This guide will walk you through setting up your environment, making your first request, and building a production-ready function to handle content conversion robustly.
Prerequisites & Authentication
Before you begin, you'll need a TABS API key. You can get yours by signing up at https://tabstack.ai.
The API uses Bearer token authentication. We strongly recommend storing your key as an environment variable rather than hardcoding it in your application.
First, set the variable in your terminal session.
export TABS_API_KEY="your-api-key-here"
The export TABS_API_KEY=... Bash command sets an environment variable named TABS_API_KEY for your current session. Your application code (e.g., in Python or Node.js) can then access this variable, keeping your secret key out of your source code.
The Basic Request
Let's start by converting a URL with the simplest possible request.

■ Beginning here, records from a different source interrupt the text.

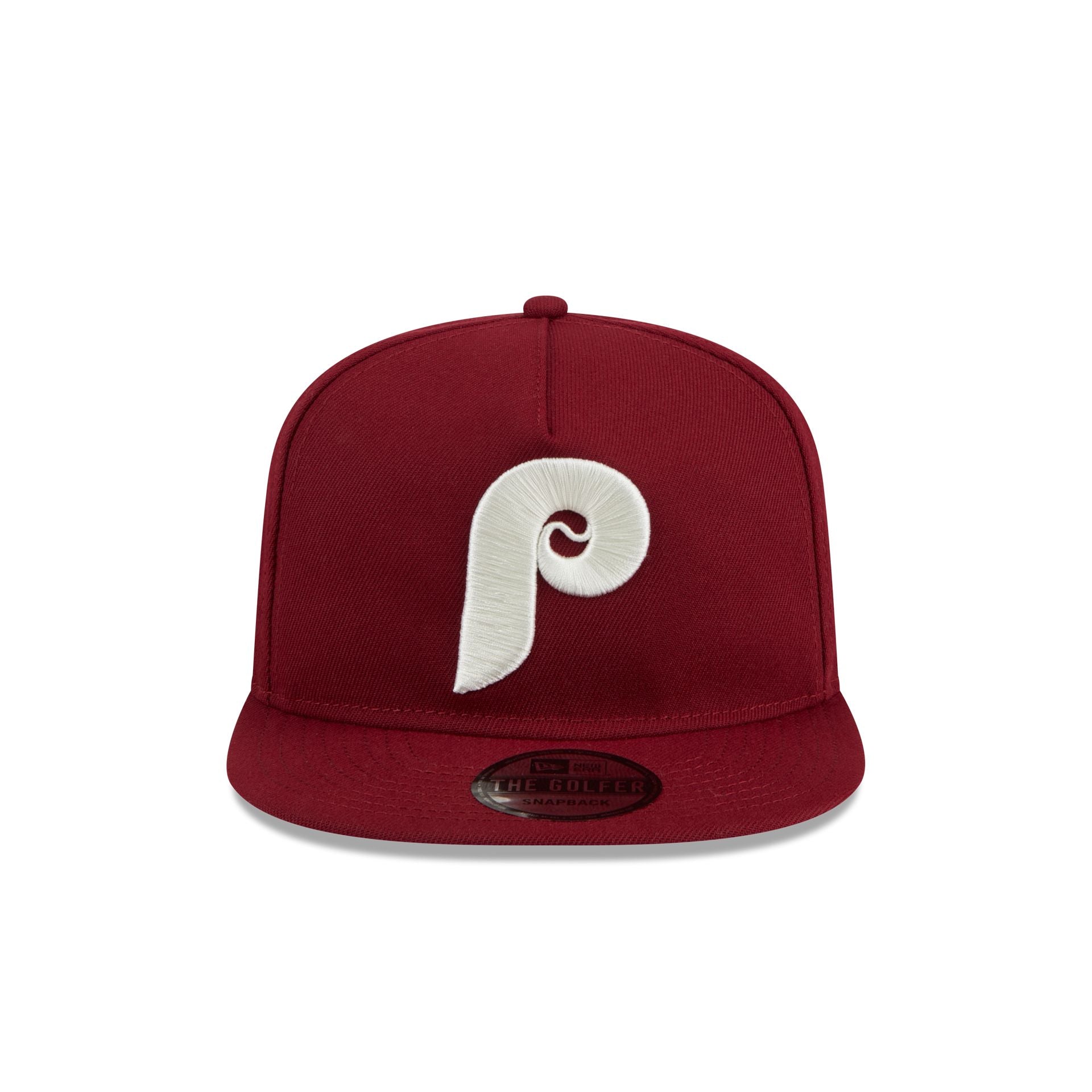 Phillies store golf hat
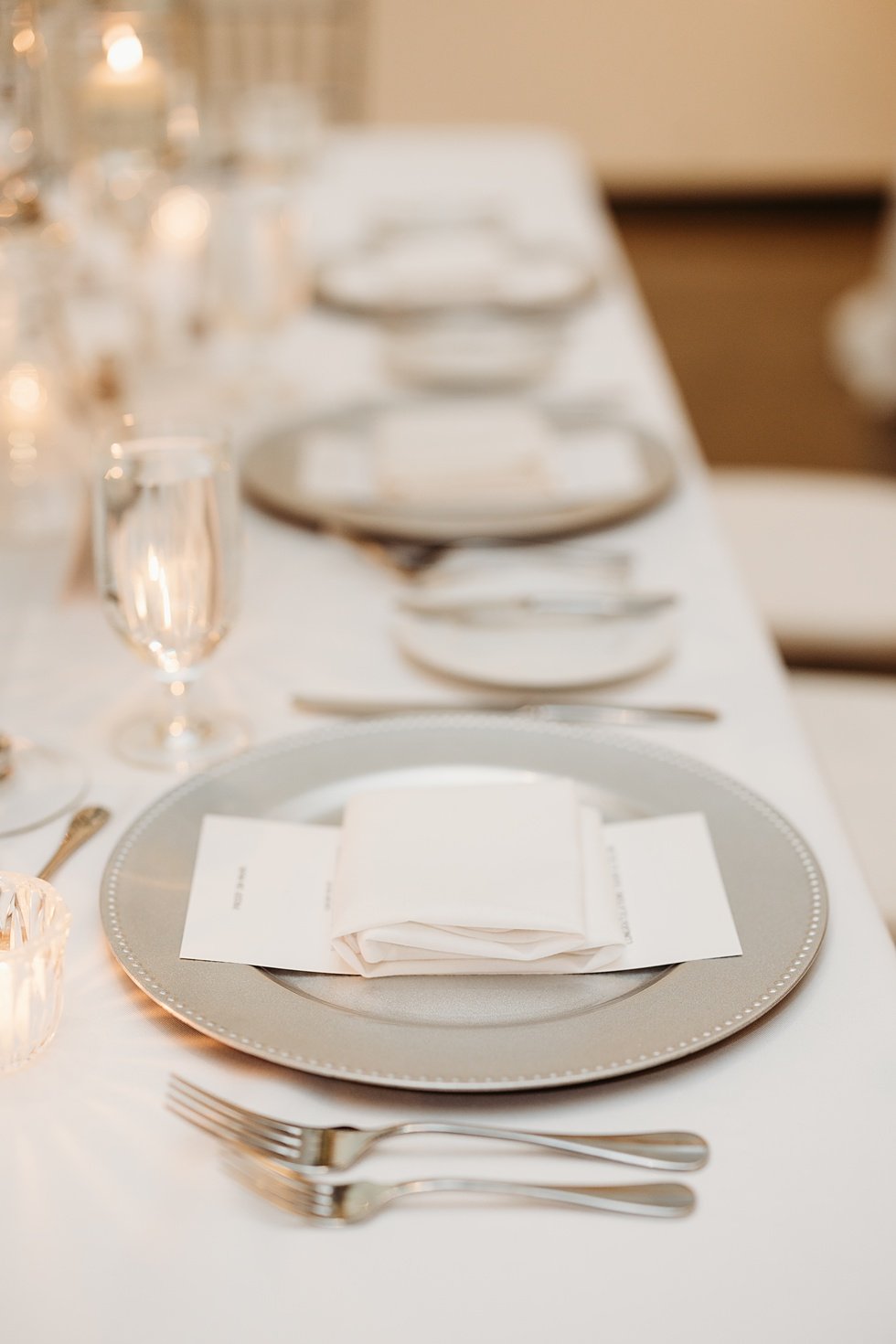  Wedding reception at 21c Hotel Louisville. Rooftop wedding and reception at 21C Hotel Louisville 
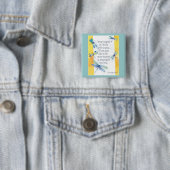 motivatie pin vierkante button 5,1 cm (In situ)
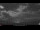 Webcam in Elko, Nevada, 125.7 mi away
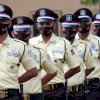 Netizen Sebut Seragam Satpam yang Baru Mirip Polisi India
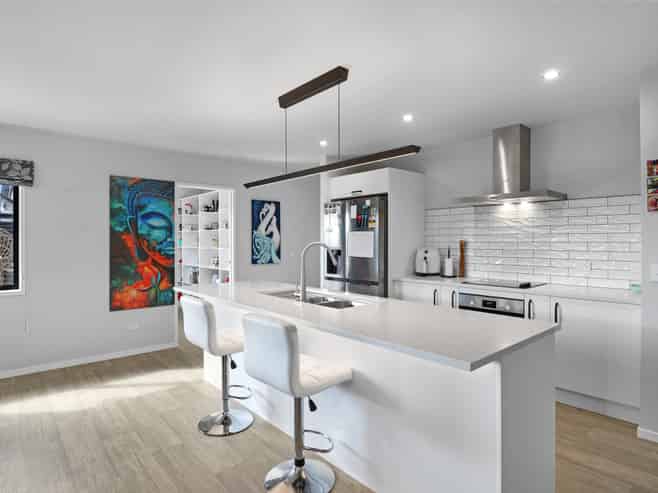 12 Hinerangi Crescent, Matamata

The endpoint lives at https://api.tabstack.ai/v1/extract/markdown and expects a POST request with a JSON body.
- curl
- JavaScript
- Python
curl -X POST https://api.tabstack.ai/v1/extract/markdown \
-H "Authorization: Bearer $TABS_API_KEY" \
-H "Content-Type: application/json" \
-d '{
"url": "https://example.com/blog/article"
}'
const response = await fetch('https://api.tabstack.ai/v1/extract/markdown', {
method: 'POST',
headers: {
'Authorization': `Bearer ${process.env.TABS_API_KEY}`,
'Content-Type': 'application/json'
},
body: JSON.stringify({
url: 'https://example.com/blog/article'
})
});
const data = await response.json();
console.log(data);
import requests
import os
api_key = os.environ.get("TABS_API_KEY")
endpoint_url = "https://api.tabstack.ai/v1/extract/markdown"
headers = {
"Authorization": f"Bearer {api_key}",
"Content-Type": "application/json"
}
payload = {
"url": "https://example.com/blog/article"
}
response = requests.post(endpoint_url, headers=headers, json=payload)
data = response.json()
print(data)
All three examples make an authenticated POST request with a JSON body containing the target URL. The API fetches the page, extracts the main content, and returns it as clean Markdown with metadata.

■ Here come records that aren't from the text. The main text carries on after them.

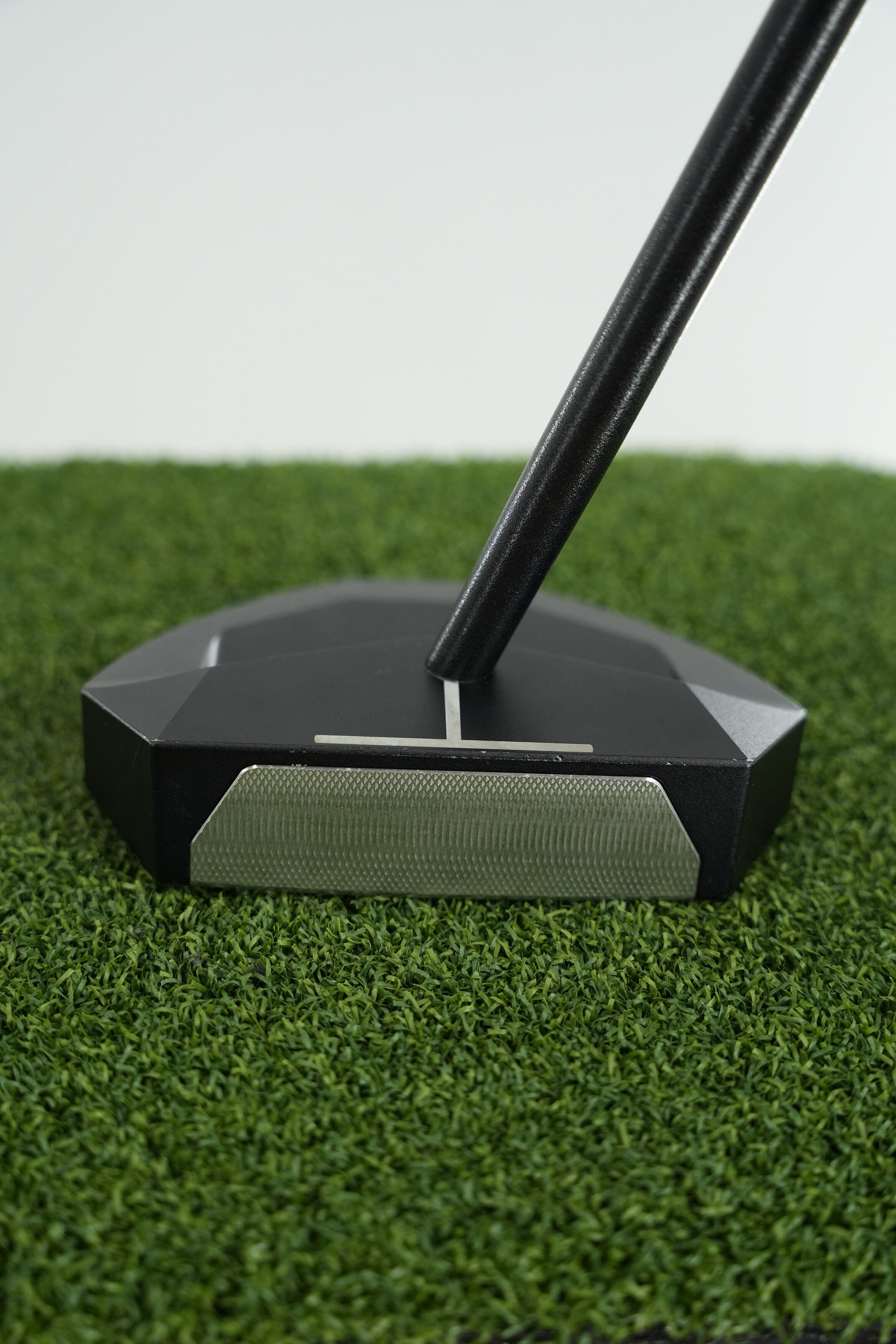 L.A.B. Golf OZ.1 Putter 38" Golf Clubs GolfRoots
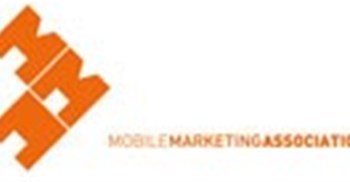MMA publishes expanded mobile advertising guidelines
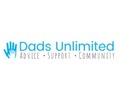 Dads Unlimited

Default Response: Content with Frontmatter
A successful request returns a JSON object. By default, the API cleverly embeds all extracted metadata (like title, author, etc.) as YAML frontmatter at the top of the content.
{
"url": "https://example.com/blog/article",
"content": "---\ntitle: Example Article Title\ndescription: This is an example article...\nauthor: Example Author\nimage: https://example.com/images/article.jpg\n---\n\n# Example Article Title\n\nThis is the article content converted to markdown..."
}
The response includes the processed URL and the content with YAML frontmatter embedded—perfect for static site generators like Hugo or Jekyll that expect this format.
Getting Separate Metadata
YAML frontmatter is great, but sometimes you want metadata as a clean, parsable JSON object, separate from the content. This is essential for populating databases or feeding structured data to other systems.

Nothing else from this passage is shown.